- **Task description**: Everything from the line containing "this 902×599 image." through the last line of the material must be restated word for word, and only that.

- **Dataset records**:
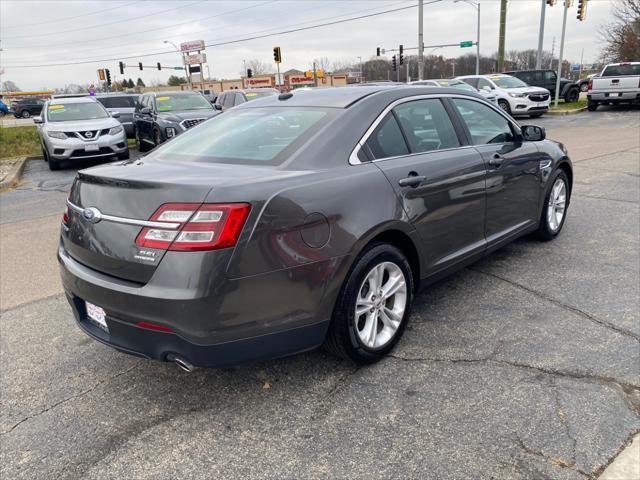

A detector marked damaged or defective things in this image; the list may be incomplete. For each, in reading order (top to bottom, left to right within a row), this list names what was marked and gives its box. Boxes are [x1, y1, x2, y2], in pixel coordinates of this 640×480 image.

cracked pavement [0, 106, 636, 480]
crack in asphalt [468, 268, 636, 344]
crack in asphalt [0, 366, 136, 436]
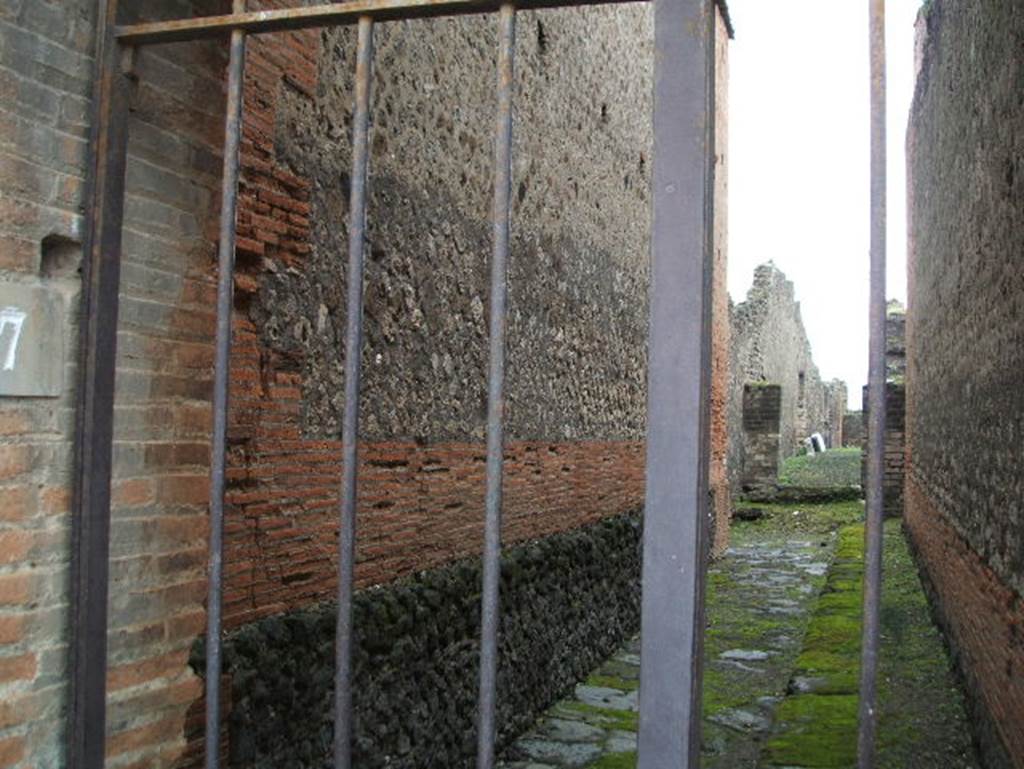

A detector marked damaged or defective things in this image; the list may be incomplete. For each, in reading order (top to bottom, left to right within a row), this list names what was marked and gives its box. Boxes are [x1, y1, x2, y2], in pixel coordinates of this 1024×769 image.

rusty iron bar [67, 0, 131, 765]
rusty iron bar [205, 3, 247, 765]
rusty iron bar [333, 16, 374, 769]
rusty iron bar [114, 0, 638, 45]
rusty iron bar [475, 3, 516, 765]
rusty iron bar [634, 0, 716, 765]
rusty iron bar [856, 0, 888, 765]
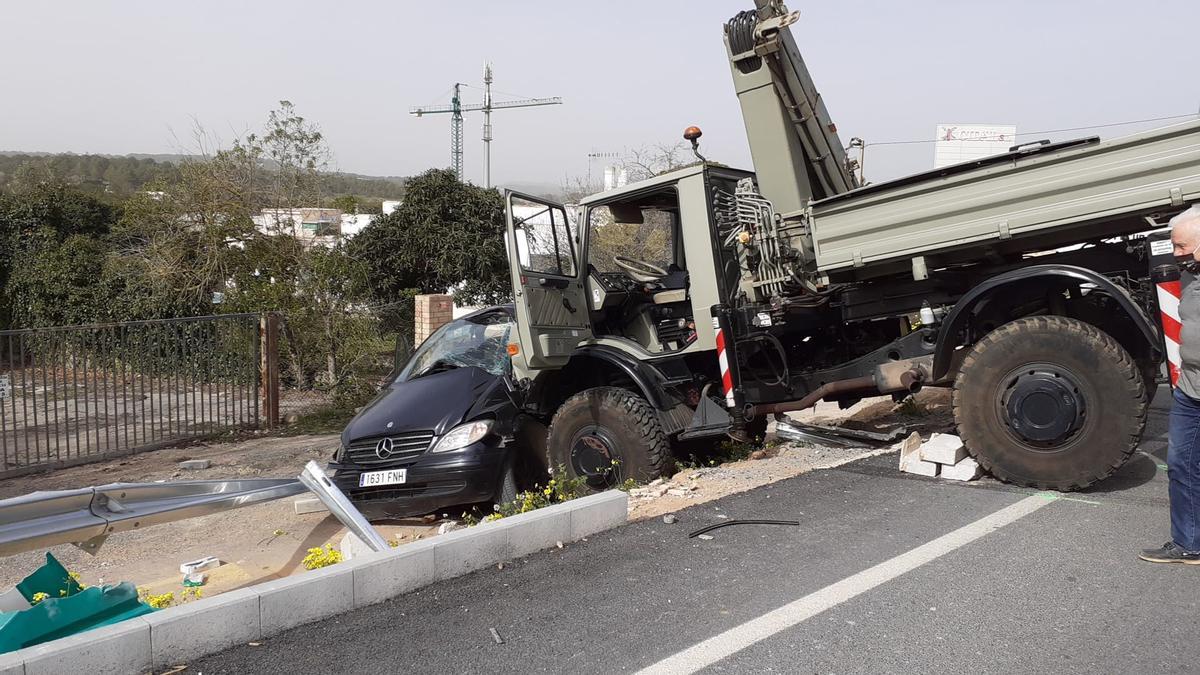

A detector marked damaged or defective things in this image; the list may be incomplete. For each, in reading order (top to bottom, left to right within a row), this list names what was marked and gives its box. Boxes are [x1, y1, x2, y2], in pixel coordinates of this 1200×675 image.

bent guardrail post [0, 475, 307, 554]
bent guardrail post [296, 456, 386, 552]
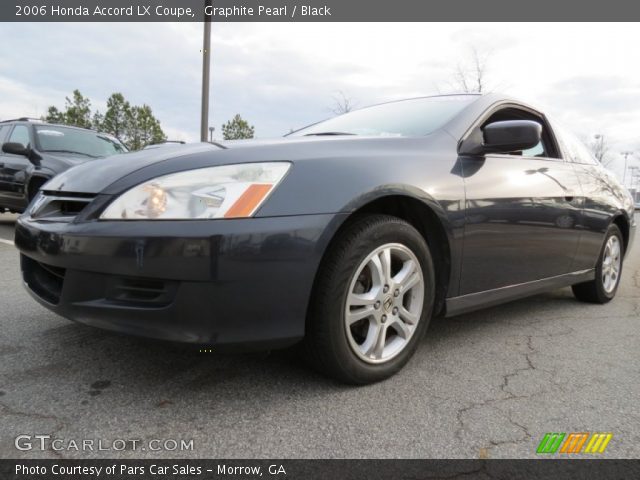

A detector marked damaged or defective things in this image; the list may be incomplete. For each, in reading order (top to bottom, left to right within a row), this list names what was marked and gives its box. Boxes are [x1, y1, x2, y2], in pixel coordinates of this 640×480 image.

cracked pavement [0, 213, 636, 458]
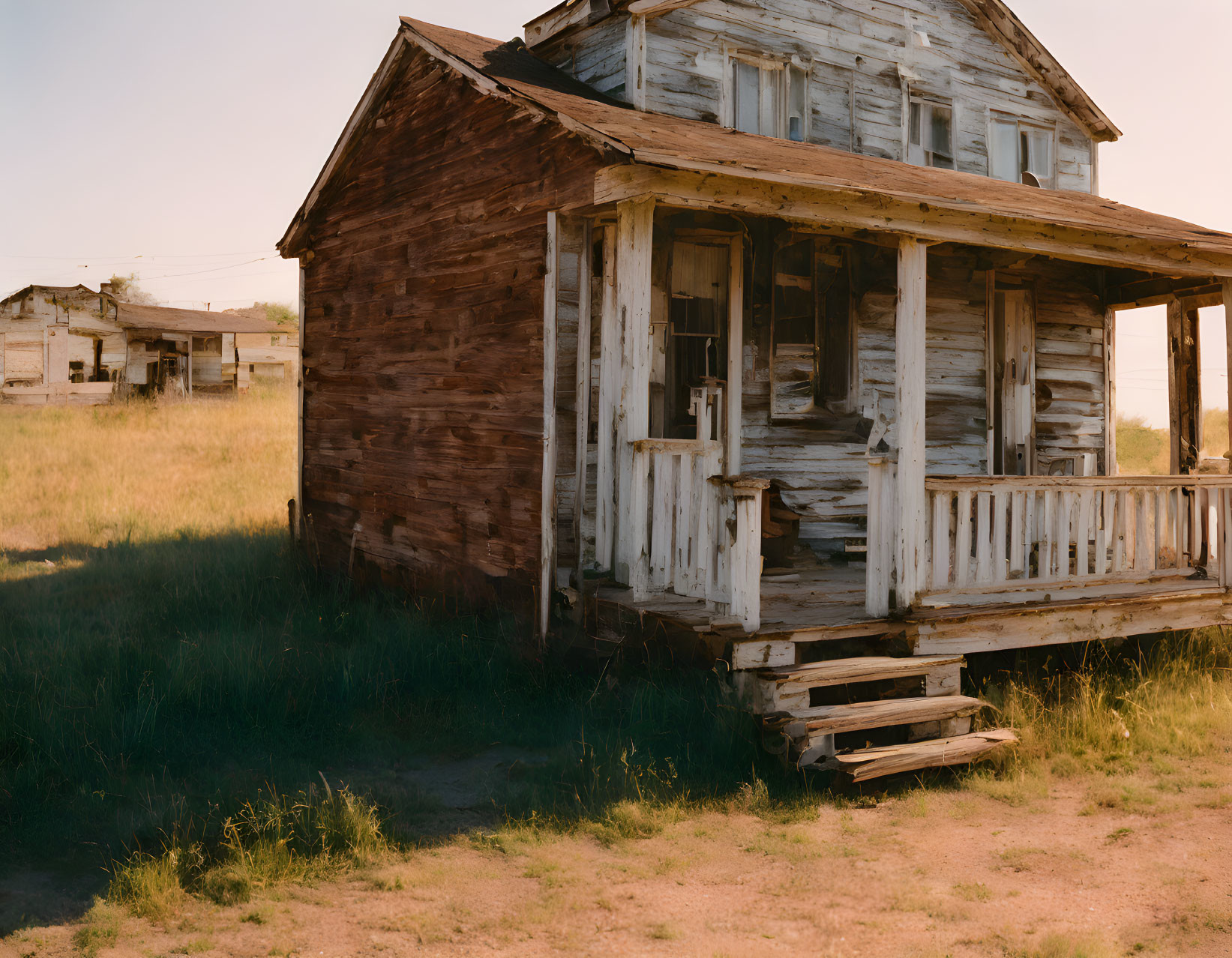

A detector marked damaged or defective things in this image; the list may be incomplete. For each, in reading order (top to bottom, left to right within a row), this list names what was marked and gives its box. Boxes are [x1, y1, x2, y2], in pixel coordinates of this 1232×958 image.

broken step plank [754, 654, 966, 714]
broken step plank [773, 694, 985, 738]
broken step plank [813, 729, 1015, 778]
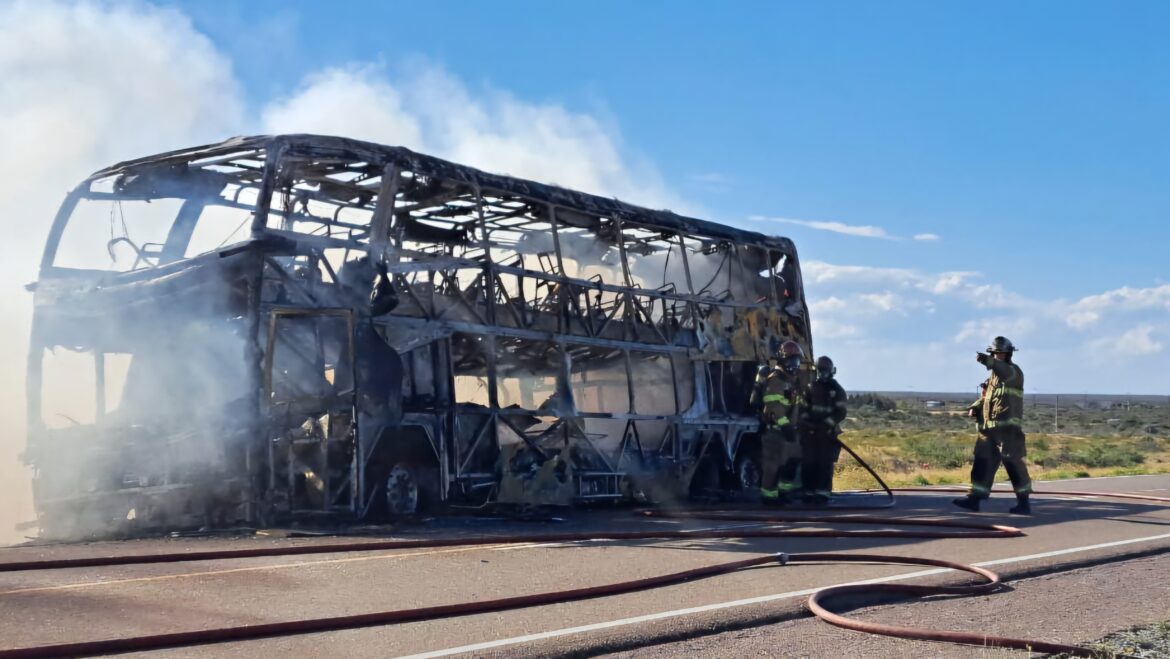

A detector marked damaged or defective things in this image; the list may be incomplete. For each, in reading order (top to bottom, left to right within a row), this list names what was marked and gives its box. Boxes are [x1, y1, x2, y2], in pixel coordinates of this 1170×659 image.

burned bus [27, 135, 814, 540]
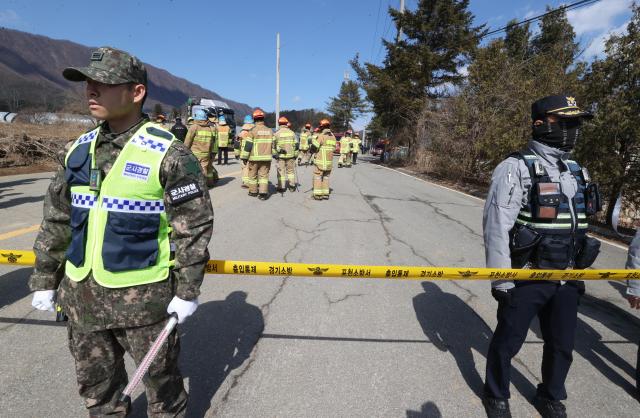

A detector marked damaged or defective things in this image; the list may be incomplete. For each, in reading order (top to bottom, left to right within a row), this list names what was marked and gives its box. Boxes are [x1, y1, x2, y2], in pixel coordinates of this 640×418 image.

cracked asphalt [1, 158, 640, 418]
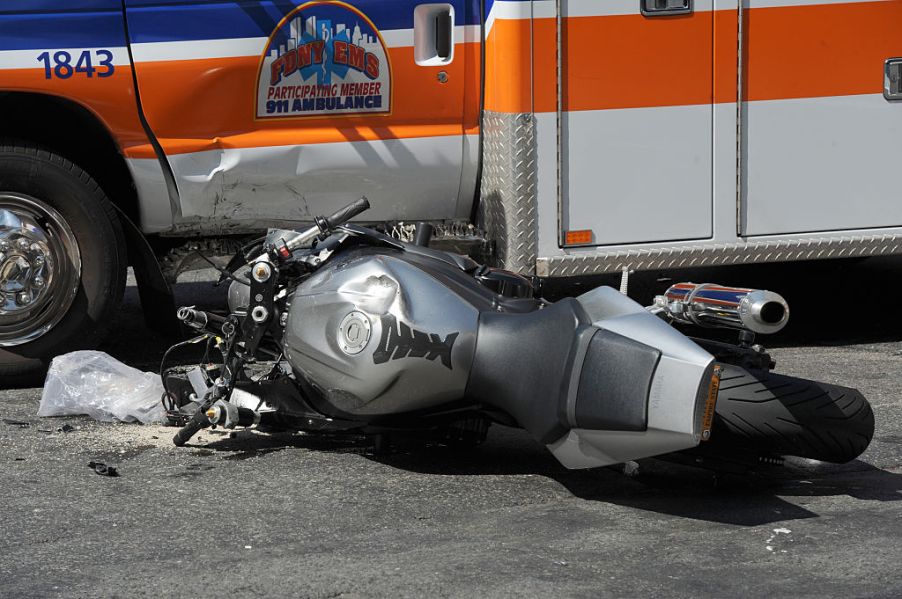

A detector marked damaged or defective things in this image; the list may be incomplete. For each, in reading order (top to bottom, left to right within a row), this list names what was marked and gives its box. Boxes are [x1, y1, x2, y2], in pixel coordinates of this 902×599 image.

crashed silver motorcycle [162, 199, 876, 472]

- **Output**:
A detector marked damaged or defective things in this image; the list may be incomplete. For each, in reading order (top to bottom, left to right within a row), this list names what was marked and gives its box. Boxes are [x1, y1, x2, y2], in pixel coordinates of this 902×599 image.

crashed silver motorcycle [162, 199, 876, 472]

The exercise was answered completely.